Wednesday, February 18, 2009

Why are we not getting full 480Mbps with USB 2.0?

I was curious myself on why the High Speed USB2.0 claims to transfer data at 480Mbps (mega-bits per second). A search got me into this post which comes with a short and simple explanation:

Are you perhaps worried that you are not moving data around at the claimed 480 Mbps. If so, you would be right. 480 Mbps is the bit data rate of all the communication that occurs over the USB bus. Out of that has to come a certain amount of house keeping - this is the USB host controller actually controlling all the hubs and peripheral devices, deciding what can talk and when. Of greater impact is that USB is implemented as a single bus, thus communication can only take place in one direction at any one time. The 480Mbps therefore represents the total data rate in *both* directions [1]. The remaining significant bottleneck is that the USB host port requires considerable processor support and if the processor isn't ready to service it, then it has to wait.

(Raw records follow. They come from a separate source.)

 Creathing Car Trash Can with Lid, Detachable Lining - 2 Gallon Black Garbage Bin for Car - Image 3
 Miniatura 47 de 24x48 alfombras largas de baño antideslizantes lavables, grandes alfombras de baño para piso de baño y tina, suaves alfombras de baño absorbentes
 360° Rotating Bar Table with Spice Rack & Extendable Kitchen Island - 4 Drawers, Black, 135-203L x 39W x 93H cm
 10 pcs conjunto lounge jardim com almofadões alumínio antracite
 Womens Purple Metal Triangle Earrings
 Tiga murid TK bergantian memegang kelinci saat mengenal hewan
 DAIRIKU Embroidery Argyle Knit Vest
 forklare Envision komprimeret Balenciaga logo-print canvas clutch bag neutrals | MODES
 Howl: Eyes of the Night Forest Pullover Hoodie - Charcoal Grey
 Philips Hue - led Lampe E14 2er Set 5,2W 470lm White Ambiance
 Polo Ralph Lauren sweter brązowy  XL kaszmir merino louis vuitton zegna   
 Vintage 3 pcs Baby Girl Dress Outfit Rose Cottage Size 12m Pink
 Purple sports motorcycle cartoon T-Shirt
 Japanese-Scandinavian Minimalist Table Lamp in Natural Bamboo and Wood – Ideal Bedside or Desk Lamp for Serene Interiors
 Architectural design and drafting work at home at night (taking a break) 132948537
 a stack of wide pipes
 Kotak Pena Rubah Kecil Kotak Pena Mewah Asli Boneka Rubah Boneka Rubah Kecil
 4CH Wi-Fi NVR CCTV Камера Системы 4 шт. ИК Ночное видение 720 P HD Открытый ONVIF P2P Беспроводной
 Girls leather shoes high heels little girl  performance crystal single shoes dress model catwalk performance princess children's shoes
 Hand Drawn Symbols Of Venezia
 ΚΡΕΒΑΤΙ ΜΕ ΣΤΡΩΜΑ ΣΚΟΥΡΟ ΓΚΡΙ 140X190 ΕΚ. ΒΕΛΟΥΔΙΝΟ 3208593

Contrast Firewire, where although it is only rated at 400 Mbps (in the common IEE1394a incarnation) the actual practical data rate is significantly higher because, being a dual bus system, you get 400 Mbps in *each* direction. Equally significantly the Firewire ports are able to operate more or less autonomously without processor support and thus don't have to wait. The housekeeping requirements are largely similar buthere is no need
to hand over data direction. In practice, the differences are usage dependant, but a 33% increase in speed is the sort of minimum that you can expect from Firewire.

[1] USB1 had another drawback in that communication with slow peripherals (1.5 Mbps) operated at that speed from end to end which had a major impact on the faster (12 Mbps) communications. USB2 solved this problem by requiring USB2 hubs to buffer the data and then up convert it to 480 Mbps for transmission to the host, and similarly for reception from the host.